The freegroup package

This package provides some functionality for manipulating the free group on a finite list of symbols.

There is an excellent wikipedia page.

Basically, the free group~$\left(X,\circ\right)$ on a set $S={a,b,c,...,z}$ is the set $X$ of words that are things like $c^{-4}bb^2aa^{-1}ca$. Usually one works only with words that are in reduced form, which has successive powers of the same symbol combined, in this case it would be $c^{-4}b^3ca$; see how the $a$ term in the middle has vanished.

The group operation is juxtaposition; thus, for example $a^2b^{-3}c^2\circ c^{-2}ba =a^2b^{-3}c^2c^-2ba =a^2b^{-2}ba$.

A word is represented by a two-row integer matrix: The top row is the integer representation of the symbol and the second row is the corresponding power. For example, say we want to represent~$a^2b^{-3}ac^2a^{-2}$ we would identify $a$ as 1, $b$ as 2, etc and write

(M <- rbind(c(1,2,3,3,1),c(2,-3,2,3,-2)))

(see how negative entries in the second row correspond to negative powers). Then to convert to a more useful form we would have

library(freegroup) (x <- free(M))

The representation for R object x is still a two-row matrix, but the print method is active and uses a more visually appealing scheme.

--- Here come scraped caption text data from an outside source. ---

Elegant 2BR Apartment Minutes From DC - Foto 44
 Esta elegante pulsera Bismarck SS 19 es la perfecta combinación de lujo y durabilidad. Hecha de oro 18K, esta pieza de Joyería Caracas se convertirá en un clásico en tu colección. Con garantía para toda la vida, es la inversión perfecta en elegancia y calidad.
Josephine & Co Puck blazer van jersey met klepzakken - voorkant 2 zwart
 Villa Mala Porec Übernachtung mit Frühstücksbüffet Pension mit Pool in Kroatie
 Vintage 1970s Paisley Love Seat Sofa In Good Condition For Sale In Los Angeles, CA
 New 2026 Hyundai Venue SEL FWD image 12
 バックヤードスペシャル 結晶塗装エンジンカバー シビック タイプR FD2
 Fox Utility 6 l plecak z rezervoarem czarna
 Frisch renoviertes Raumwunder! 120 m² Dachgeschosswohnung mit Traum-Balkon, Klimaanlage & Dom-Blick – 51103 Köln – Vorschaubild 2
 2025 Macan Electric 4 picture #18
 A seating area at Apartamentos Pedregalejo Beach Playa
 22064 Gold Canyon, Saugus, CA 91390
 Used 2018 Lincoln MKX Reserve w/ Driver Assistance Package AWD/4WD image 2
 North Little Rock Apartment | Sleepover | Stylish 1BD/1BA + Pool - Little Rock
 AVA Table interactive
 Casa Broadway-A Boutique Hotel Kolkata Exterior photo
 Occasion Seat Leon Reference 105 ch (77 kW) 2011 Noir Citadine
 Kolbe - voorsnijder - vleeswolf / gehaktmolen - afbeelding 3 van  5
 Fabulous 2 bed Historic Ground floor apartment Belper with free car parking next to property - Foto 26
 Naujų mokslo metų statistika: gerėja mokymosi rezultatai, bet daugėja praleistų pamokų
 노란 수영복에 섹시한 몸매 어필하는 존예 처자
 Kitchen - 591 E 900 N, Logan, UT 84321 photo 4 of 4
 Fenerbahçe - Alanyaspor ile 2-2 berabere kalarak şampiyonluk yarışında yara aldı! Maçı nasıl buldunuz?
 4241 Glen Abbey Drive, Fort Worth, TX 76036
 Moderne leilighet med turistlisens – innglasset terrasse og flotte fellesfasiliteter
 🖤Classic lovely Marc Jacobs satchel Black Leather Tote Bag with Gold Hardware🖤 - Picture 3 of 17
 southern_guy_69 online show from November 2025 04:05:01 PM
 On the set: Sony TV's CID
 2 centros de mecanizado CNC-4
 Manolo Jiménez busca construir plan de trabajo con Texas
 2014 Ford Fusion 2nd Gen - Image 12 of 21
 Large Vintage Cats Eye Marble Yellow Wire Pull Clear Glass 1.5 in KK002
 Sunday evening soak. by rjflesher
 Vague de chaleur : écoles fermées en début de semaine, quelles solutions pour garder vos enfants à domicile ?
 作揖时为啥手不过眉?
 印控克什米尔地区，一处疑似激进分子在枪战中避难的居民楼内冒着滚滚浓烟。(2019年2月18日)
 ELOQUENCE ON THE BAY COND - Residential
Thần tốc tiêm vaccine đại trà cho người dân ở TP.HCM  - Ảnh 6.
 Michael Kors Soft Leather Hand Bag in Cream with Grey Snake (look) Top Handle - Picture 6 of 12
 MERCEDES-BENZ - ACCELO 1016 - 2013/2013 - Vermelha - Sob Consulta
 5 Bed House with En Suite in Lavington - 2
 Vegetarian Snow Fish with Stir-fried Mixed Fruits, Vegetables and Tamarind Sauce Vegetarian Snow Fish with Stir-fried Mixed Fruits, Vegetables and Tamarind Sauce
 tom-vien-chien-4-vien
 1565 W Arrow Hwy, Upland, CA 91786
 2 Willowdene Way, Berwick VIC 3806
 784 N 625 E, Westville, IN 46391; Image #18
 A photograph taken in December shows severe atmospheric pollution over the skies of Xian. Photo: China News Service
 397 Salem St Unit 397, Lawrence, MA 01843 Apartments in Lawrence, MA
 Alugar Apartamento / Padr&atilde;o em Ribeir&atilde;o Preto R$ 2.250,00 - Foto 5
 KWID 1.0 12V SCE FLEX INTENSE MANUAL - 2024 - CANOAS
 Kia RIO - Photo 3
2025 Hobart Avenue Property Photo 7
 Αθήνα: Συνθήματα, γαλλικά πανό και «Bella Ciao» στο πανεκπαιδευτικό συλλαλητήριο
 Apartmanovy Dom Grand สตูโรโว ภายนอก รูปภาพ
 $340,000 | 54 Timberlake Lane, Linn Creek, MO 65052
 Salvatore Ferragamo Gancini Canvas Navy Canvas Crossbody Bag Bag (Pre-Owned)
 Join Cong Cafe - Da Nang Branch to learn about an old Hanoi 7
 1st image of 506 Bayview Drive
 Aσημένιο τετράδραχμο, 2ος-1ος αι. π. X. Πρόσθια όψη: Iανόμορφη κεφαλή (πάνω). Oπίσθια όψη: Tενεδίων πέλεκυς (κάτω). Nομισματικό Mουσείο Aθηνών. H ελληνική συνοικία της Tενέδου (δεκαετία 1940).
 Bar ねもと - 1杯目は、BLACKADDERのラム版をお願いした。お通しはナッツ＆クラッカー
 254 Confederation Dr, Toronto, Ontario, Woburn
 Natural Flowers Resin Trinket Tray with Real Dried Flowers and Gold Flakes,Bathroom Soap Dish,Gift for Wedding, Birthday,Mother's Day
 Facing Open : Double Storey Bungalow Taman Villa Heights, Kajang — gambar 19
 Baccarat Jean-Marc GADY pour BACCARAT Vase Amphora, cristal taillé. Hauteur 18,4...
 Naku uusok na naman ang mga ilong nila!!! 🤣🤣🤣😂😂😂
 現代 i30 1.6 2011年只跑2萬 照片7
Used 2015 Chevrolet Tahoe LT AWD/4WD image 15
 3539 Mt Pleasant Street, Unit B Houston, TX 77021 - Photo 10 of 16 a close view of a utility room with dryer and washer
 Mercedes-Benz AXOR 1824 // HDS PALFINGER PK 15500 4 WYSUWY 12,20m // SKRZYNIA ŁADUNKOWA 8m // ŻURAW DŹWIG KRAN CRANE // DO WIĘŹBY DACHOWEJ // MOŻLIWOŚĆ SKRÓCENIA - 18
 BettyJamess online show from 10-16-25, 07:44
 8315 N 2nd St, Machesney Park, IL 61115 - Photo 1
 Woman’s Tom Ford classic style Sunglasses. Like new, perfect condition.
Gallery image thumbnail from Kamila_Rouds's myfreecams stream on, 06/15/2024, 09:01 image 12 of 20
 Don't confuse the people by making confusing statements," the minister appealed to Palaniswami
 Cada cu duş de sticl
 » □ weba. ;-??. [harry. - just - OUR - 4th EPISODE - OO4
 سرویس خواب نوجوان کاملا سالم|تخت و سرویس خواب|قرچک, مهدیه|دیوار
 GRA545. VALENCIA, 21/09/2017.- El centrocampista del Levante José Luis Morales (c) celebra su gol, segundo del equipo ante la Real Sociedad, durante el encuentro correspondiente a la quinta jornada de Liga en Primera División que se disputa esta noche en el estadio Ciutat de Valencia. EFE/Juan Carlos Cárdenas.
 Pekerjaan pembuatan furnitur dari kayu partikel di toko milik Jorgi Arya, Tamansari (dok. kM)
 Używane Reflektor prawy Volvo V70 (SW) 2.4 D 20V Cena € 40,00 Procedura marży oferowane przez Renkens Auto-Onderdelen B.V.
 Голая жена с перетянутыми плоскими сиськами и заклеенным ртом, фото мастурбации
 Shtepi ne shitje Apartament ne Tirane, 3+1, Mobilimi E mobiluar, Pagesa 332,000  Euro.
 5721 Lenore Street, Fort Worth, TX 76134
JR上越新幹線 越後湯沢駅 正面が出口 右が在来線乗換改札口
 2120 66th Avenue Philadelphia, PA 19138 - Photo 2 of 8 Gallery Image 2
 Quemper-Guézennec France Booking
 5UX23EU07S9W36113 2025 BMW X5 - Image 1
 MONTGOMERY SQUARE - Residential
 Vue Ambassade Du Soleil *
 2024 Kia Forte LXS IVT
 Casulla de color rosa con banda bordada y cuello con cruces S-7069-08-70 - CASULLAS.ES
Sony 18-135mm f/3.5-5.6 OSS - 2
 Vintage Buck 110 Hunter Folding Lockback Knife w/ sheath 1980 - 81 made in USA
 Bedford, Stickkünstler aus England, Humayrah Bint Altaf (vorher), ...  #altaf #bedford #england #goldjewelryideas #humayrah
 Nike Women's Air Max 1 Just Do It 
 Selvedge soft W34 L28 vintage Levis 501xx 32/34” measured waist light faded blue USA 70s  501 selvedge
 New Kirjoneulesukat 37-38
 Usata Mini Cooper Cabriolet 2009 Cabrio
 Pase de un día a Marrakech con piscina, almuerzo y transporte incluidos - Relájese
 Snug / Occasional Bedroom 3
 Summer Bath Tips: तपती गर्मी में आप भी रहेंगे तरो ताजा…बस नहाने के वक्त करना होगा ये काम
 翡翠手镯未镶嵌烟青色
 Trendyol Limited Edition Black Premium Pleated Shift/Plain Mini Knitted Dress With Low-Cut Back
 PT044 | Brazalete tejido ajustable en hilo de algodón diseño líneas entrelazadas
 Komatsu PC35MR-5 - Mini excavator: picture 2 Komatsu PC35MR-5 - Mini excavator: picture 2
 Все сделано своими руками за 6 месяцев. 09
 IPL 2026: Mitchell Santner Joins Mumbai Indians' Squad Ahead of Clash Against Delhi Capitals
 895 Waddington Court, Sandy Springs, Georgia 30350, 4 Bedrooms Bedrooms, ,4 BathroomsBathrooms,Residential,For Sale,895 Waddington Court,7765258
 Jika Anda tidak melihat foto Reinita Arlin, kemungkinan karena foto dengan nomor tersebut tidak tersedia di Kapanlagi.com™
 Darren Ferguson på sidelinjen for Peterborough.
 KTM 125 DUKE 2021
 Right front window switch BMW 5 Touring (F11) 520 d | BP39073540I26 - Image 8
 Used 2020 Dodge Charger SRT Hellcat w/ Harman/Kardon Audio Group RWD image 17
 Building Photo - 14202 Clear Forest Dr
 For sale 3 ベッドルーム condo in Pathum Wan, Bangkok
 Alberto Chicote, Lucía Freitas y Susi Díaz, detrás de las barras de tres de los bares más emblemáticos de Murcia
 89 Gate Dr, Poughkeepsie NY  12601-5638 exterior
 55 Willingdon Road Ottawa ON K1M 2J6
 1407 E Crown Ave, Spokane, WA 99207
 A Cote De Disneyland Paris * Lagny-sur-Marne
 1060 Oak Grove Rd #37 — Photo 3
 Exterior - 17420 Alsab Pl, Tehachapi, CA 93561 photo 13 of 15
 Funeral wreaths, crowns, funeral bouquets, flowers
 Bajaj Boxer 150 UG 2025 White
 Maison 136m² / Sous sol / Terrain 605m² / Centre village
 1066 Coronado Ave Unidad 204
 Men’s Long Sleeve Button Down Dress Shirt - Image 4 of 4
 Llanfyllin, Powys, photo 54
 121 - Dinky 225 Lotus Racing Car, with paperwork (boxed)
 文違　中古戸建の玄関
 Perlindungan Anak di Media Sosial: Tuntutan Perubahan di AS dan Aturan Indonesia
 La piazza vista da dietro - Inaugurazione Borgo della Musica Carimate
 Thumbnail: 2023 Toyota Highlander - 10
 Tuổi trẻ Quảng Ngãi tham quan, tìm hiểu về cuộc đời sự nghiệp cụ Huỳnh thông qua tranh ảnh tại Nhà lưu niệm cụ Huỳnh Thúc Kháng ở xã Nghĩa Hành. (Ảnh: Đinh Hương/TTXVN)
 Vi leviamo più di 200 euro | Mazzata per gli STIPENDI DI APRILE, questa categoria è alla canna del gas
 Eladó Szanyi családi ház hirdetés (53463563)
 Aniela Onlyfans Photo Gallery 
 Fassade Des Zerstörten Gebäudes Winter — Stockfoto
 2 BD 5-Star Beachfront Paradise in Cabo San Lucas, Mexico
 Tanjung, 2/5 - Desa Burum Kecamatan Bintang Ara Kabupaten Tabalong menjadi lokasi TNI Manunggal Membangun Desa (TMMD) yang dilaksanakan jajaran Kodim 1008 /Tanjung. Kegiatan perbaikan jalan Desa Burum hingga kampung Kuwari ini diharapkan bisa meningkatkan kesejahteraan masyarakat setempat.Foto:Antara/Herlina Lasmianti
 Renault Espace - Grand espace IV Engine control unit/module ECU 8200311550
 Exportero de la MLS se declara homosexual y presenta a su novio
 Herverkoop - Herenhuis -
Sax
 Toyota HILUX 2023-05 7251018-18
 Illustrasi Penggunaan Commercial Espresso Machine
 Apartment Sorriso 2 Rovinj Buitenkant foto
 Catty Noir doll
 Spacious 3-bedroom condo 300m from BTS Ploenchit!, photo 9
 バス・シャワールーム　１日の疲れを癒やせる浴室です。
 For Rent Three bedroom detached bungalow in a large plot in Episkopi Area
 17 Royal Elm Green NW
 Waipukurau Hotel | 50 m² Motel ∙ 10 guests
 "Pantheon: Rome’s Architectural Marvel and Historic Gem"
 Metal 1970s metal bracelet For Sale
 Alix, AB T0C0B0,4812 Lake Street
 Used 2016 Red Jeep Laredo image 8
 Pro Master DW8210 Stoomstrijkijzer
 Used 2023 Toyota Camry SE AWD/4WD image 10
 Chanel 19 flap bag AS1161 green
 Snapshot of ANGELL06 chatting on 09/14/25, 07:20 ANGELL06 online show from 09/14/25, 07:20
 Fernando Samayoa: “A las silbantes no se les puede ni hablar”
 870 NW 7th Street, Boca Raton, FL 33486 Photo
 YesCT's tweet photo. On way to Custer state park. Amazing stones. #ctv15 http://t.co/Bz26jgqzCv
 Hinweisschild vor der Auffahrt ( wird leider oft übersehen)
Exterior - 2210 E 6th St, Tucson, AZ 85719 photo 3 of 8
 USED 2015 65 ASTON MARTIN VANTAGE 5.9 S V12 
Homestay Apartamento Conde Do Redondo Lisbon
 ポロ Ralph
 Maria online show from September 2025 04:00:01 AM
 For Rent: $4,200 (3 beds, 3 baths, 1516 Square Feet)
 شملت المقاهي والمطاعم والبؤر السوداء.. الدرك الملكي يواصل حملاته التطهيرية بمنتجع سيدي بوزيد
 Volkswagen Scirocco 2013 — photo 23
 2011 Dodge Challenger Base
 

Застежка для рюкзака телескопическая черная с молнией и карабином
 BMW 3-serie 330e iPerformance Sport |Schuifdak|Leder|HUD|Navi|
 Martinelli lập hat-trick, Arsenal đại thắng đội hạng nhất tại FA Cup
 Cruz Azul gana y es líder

We can coerce strings to free objects:

(y <- as.free("aabbbcccc"))

The free group operation is simply juxtaposition, represented here by the plus symbol, "+":

x+y

See how the $a$ "cancels out" in the juxtaposition. Note that concatenation is associative. Multiplication is also defined. Suppose we want to concatenate 5 copies of x:

x*5

The package is vectorized:

x*(0:3)

There are a few methods for creating free objects:

abc(1:9) rfree(10,4)

Inverses are calculated using unary or binary minus:

(u <- rfree(10,4)) -u u-u

We can take the "sum" of a vector of free objects simply by juxtaposing the elements:

sum(u)

Powers are defined as per group conjugation: x^y == y^{-1}xy (or, written in additive notation, -y+x+y):

u z <- alpha(26) u^z

Thus:

sum(u^z) == sum(u^z)

If we have more than 26 symbols the print method runs out of letters:

free(rbind(1:30,1))

If this is a problem (it might not be: the print method might not be important) it is possible to override the default symbol set:

options(symbols = state.abb) free(rbind(1:50,1))